• Prompt:
In the entries below, locate the line with "211 Adams St, Denver, CO 80206 - Photo 14", then give again that line and all lines after it, exactly, with pictures omitted.

• Data provided:
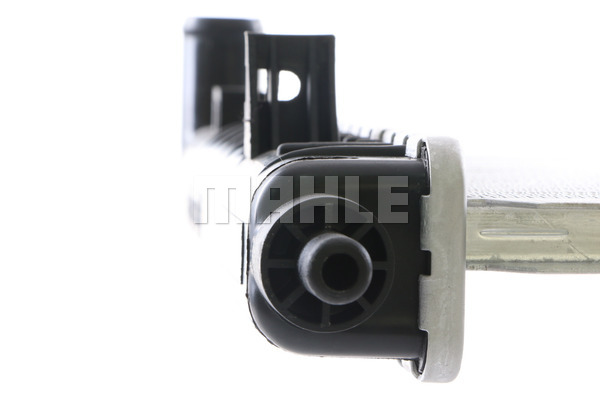 Ilustracja CR 1306 000S MAHLE chłodnica cieczy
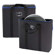 Tenba 634-502 Car Case CC22 Beauty Dish Reflectors 22in: Picture 3 thumbnail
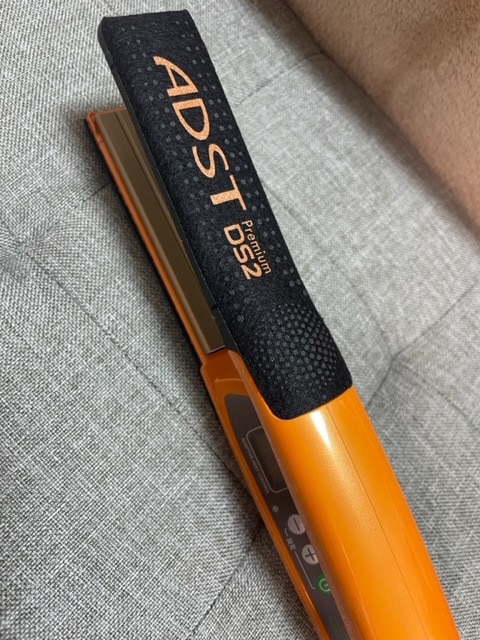 楽天市場】アドスト ADST Premium DS2 FDS2-25 4560164095046 【正規品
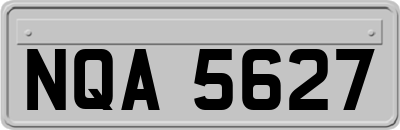 NQA5627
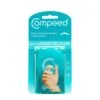 Compeed Cerotti Per Ragadi Delle Dita – 10 Pezzi -Farmacia Estetica Porta Pia Compeed Cerotti per Ragadi delle Dita 10 pezzi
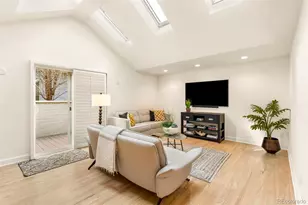 211 Adams St, Denver, CO 80206 - Photo 14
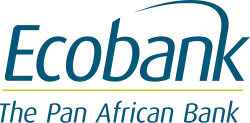 logo de Ecobank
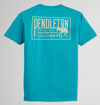 Pendleton Original Western Graphic Tee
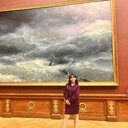 ���������� ������������, ���� ������� ����, 57 ���, ������������ ��� ������, ����� � ���������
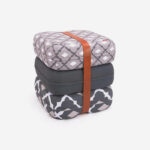 Cushion Set 3 Pieces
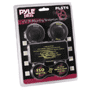 Pyle - plst6 , On the Road , Tweeters , 1/2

• Solution to this exercise:
 211 Adams St, Denver, CO 80206 - Photo 14
 logo de Ecobank
 Pendleton Original Western Graphic Tee
 ���������� ������������, ���� ������� ����, 57 ���, ������������ ��� ������, ����� � ���������
 Cushion Set 3 Pieces
 Pyle - plst6 , On the Road , Tweeters , 1/2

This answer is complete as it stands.